■ **WHAT YOU HAVE TO DO**: Everything in the entries except the pictures should be repeated exactly.

**** SOURCE MATERIAL

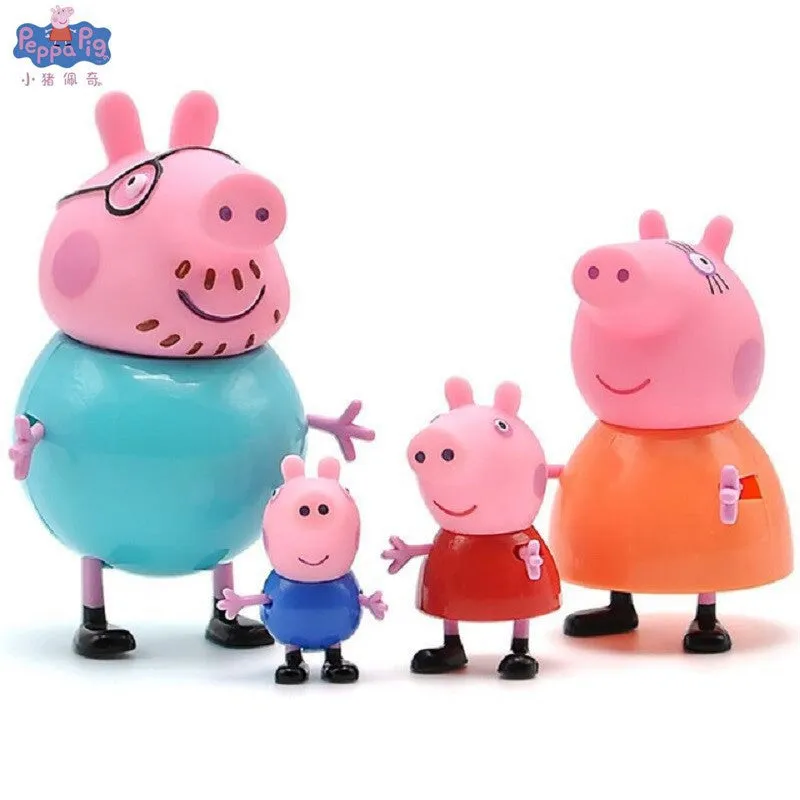 Peppa pig George guinea pig Family Pack Dad Mom 4pcs/set Action Figure Original Pelucia Anime Toys For Kids Christmas  Gift Toys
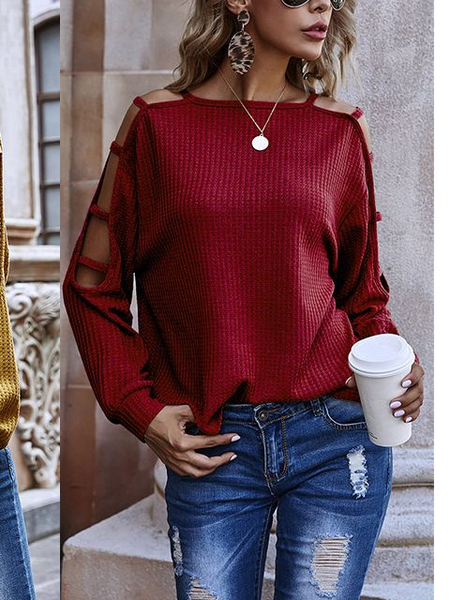 

Maniche Lunghe incavato Dritto Top, Vino rosso, Blouses & Shirts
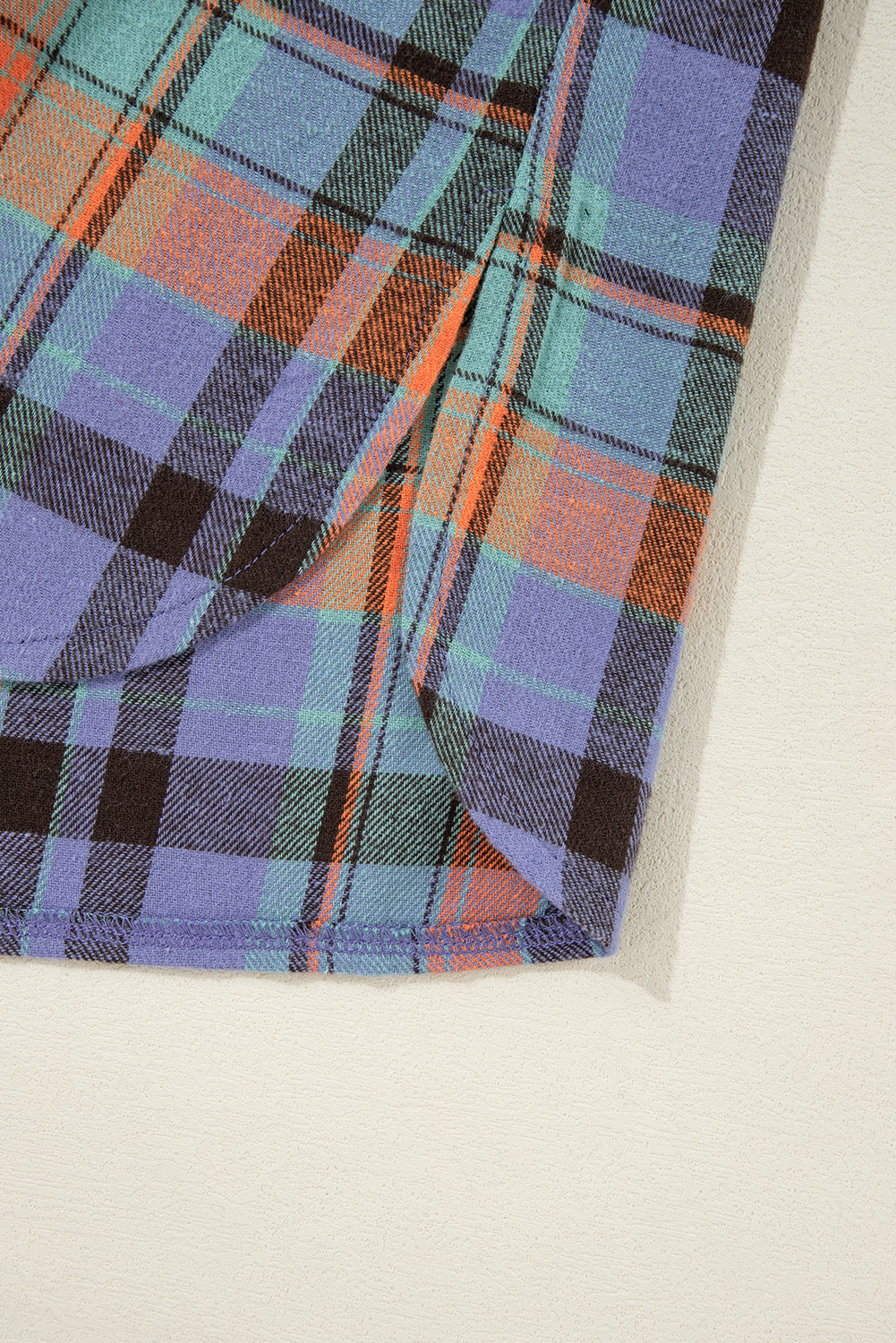 Orange Plaid Print Pocket Loose Shirt Shacket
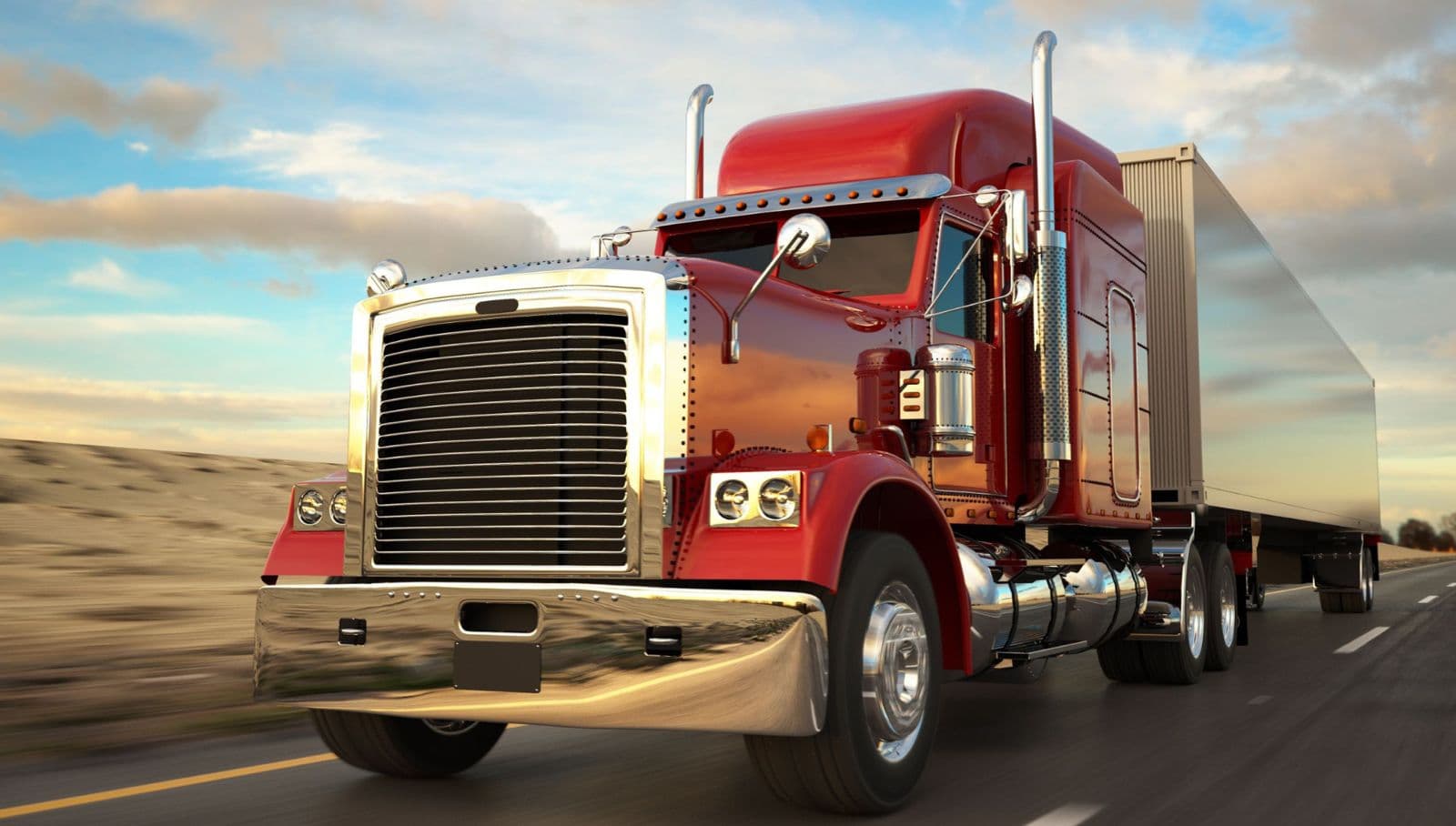 Trucks at sunset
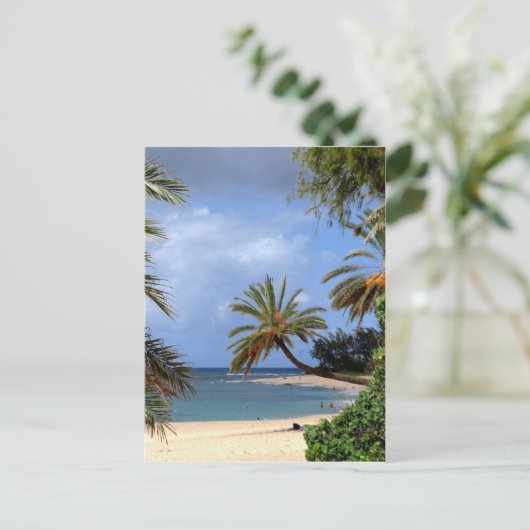 Tropical North Shore Beach, Oahu, Hawaii Briefkaart (Staand voorkant)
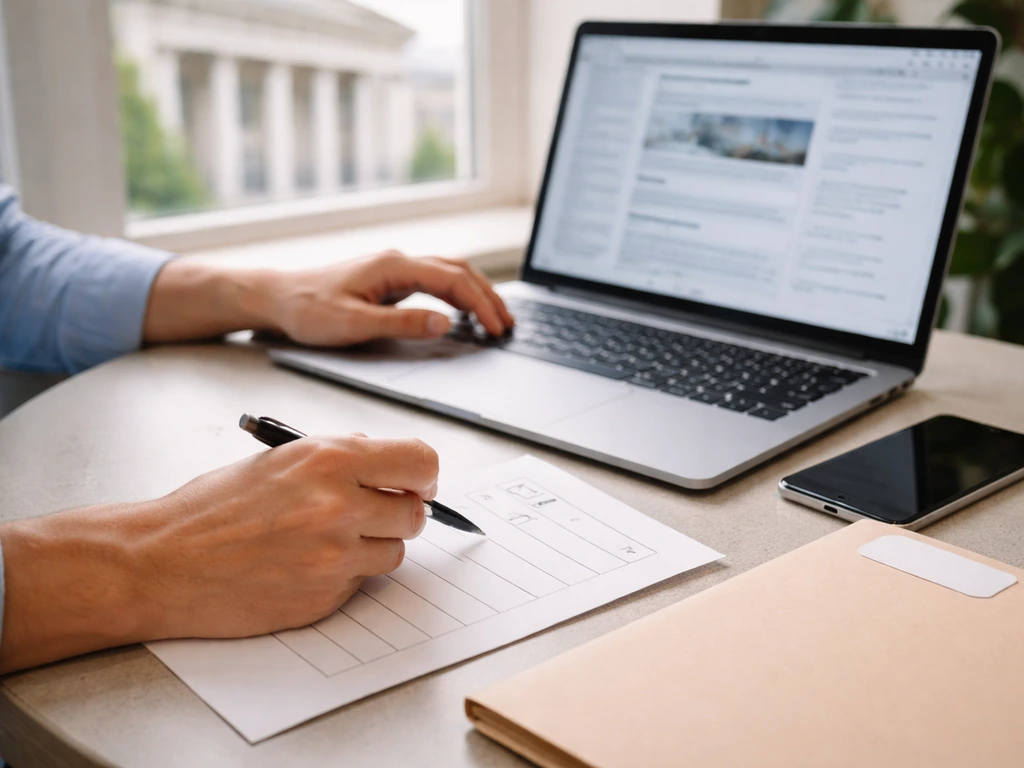 Hands at a desk reviewing blurred business registry pages and a blank checklist for net worth verification.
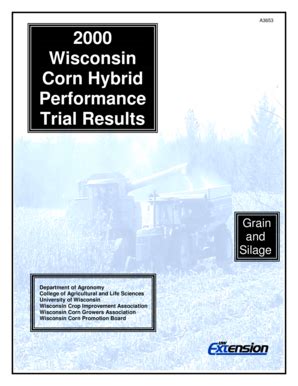 Fillable Online Corn Agronomy Wisc 2000 Wisconsin Corn Hybrid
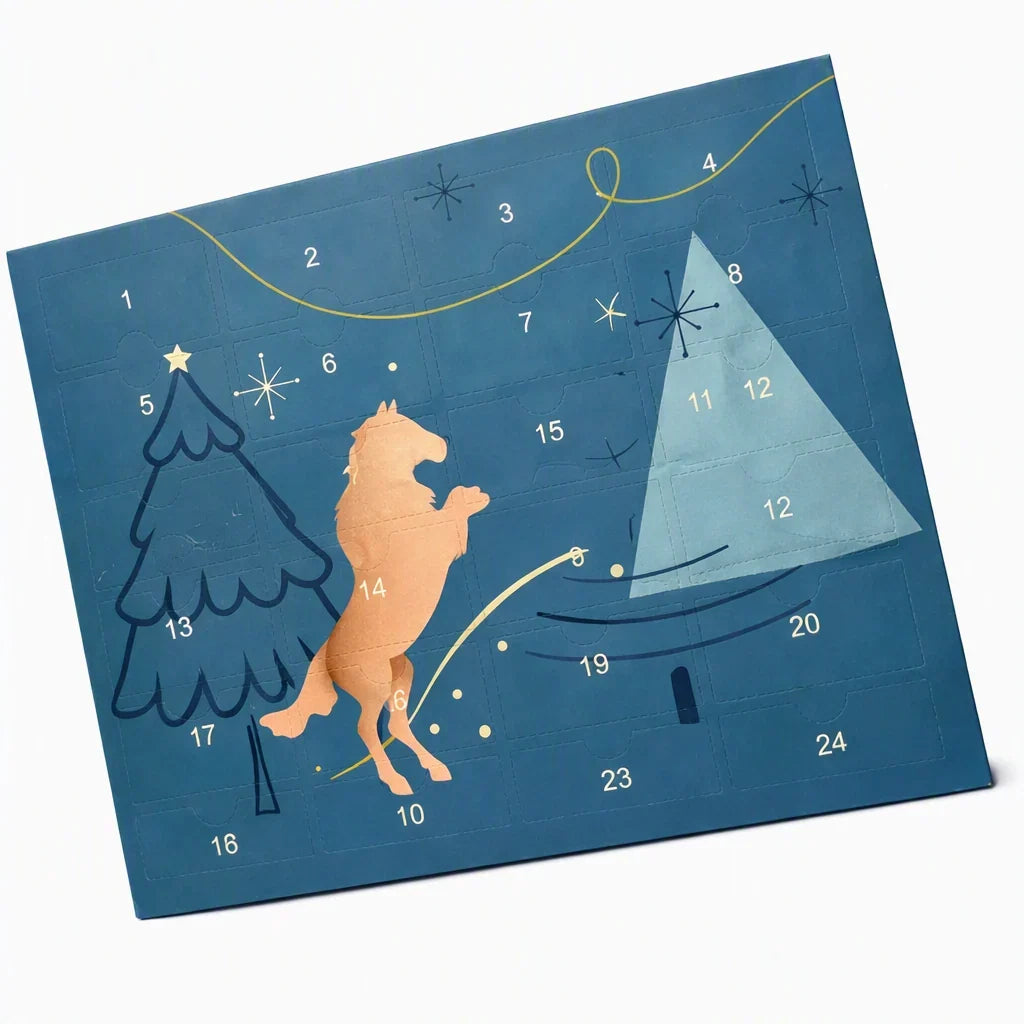 Geöffneter Adventskalender mit nützlichen Überraschungen für Pferd, Stall und Reiter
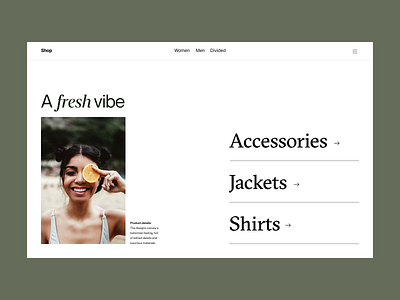 Fresh vibe branding design header minimal shop typography ui ux web web design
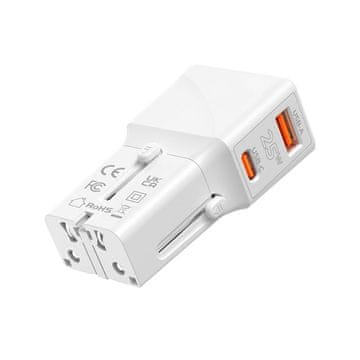Mobile-origin potovalni adapter, 25 W, beli (TAD25-2P-WHT)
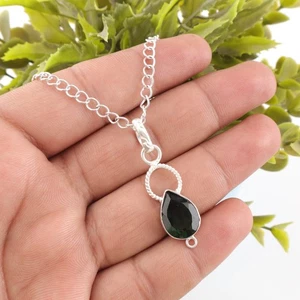 Encantador colgante de plata de ley 925 con piedras preciosas de turmalina verde 1,40" d016 - Imagen 1 de 2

********

■ **TASK RESPONSE**:
 Peppa pig George guinea pig Family Pack Dad Mom 4pcs/set Action Figure Original Pelucia Anime Toys For Kids Christmas  Gift Toys

Maniche Lunghe incavato Dritto Top, Vino rosso, Blouses & Shirts
 Orange Plaid Print Pocket Loose Shirt Shacket
 Trucks at sunset
 Tropical North Shore Beach, Oahu, Hawaii Briefkaart (Staand voorkant)
 Hands at a desk reviewing blurred business registry pages and a blank checklist for net worth verification.
 Fillable Online Corn Agronomy Wisc 2000 Wisconsin Corn Hybrid
 Geöffneter Adventskalender mit nützlichen Überraschungen für Pferd, Stall und Reiter
 Fresh vibe branding design header minimal shop typography ui ux web web design
Mobile-origin potovalni adapter, 25 W, beli (TAD25-2P-WHT)
 Encantador colgante de plata de ley 925 con piedras preciosas de turmalina verde 1,40" d016 - Imagen 1 de 2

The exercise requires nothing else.